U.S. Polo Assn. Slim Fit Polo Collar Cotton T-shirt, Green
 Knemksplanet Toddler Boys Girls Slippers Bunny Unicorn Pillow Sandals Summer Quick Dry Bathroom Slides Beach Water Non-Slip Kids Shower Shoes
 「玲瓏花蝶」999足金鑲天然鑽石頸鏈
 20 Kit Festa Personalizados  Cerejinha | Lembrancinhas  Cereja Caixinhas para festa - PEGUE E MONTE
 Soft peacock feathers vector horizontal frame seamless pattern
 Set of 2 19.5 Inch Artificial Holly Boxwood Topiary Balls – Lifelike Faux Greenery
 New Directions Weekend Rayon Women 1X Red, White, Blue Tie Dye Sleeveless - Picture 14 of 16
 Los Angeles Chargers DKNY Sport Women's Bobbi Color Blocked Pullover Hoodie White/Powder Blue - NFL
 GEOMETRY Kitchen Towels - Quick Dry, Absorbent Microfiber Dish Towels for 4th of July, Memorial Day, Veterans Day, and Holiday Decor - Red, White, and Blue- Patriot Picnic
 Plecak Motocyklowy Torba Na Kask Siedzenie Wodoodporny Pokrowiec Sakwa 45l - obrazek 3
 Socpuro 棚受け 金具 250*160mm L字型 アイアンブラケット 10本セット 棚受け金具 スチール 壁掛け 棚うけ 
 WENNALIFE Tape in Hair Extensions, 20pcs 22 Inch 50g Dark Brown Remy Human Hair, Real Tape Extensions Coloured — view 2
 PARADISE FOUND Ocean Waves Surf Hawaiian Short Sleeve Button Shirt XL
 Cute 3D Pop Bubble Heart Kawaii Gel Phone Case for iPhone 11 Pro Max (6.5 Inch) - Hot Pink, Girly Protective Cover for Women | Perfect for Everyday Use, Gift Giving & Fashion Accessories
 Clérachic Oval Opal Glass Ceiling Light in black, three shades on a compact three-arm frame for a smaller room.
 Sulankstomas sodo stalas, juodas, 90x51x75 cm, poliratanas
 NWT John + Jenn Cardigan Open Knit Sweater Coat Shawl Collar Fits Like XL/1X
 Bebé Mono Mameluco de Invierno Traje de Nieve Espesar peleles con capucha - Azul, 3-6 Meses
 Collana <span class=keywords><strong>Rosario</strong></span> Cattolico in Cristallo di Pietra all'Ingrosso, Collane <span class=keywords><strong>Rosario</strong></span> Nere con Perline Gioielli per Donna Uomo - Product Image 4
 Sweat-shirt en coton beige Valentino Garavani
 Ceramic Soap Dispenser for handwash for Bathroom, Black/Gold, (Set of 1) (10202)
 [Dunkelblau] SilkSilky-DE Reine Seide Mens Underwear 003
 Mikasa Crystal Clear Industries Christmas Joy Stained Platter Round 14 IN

§ **Work item**:
Please retype all of the data above exactly as it appears.

§ **Exercise response**:
U.S. Polo Assn. Slim Fit Polo Collar Cotton T-shirt, Green
 Knemksplanet Toddler Boys Girls Slippers Bunny Unicorn Pillow Sandals Summer Quick Dry Bathroom Slides Beach Water Non-Slip Kids Shower Shoes
 「玲瓏花蝶」999足金鑲天然鑽石頸鏈
 20 Kit Festa Personalizados  Cerejinha | Lembrancinhas  Cereja Caixinhas para festa - PEGUE E MONTE
 Soft peacock feathers vector horizontal frame seamless pattern
 Set of 2 19.5 Inch Artificial Holly Boxwood Topiary Balls – Lifelike Faux Greenery
 New Directions Weekend Rayon Women 1X Red, White, Blue Tie Dye Sleeveless - Picture 14 of 16
 Los Angeles Chargers DKNY Sport Women's Bobbi Color Blocked Pullover Hoodie White/Powder Blue - NFL
 GEOMETRY Kitchen Towels - Quick Dry, Absorbent Microfiber Dish Towels for 4th of July, Memorial Day, Veterans Day, and Holiday Decor - Red, White, and Blue- Patriot Picnic
 Plecak Motocyklowy Torba Na Kask Siedzenie Wodoodporny Pokrowiec Sakwa 45l - obrazek 3
 Socpuro 棚受け 金具 250*160mm L字型 アイアンブラケット 10本セット 棚受け金具 スチール 壁掛け 棚うけ 
 WENNALIFE Tape in Hair Extensions, 20pcs 22 Inch 50g Dark Brown Remy Human Hair, Real Tape Extensions Coloured — view 2
 PARADISE FOUND Ocean Waves Surf Hawaiian Short Sleeve Button Shirt XL
 Cute 3D Pop Bubble Heart Kawaii Gel Phone Case for iPhone 11 Pro Max (6.5 Inch) - Hot Pink, Girly Protective Cover for Women | Perfect for Everyday Use, Gift Giving & Fashion Accessories
 Clérachic Oval Opal Glass Ceiling Light in black, three shades on a compact three-arm frame for a smaller room.
 Sulankstomas sodo stalas, juodas, 90x51x75 cm, poliratanas
 NWT John + Jenn Cardigan Open Knit Sweater Coat Shawl Collar Fits Like XL/1X
 Bebé Mono Mameluco de Invierno Traje de Nieve Espesar peleles con capucha - Azul, 3-6 Meses
 Collana <span class=keywords><strong>Rosario</strong></span> Cattolico in Cristallo di Pietra all'Ingrosso, Collane <span class=keywords><strong>Rosario</strong></span> Nere con Perline Gioielli per Donna Uomo - Product Image 4
 Sweat-shirt en coton beige Valentino Garavani
 Ceramic Soap Dispenser for handwash for Bathroom, Black/Gold, (Set of 1) (10202)
 [Dunkelblau] SilkSilky-DE Reine Seide Mens Underwear 003
 Mikasa Crystal Clear Industries Christmas Joy Stained Platter Round 14 IN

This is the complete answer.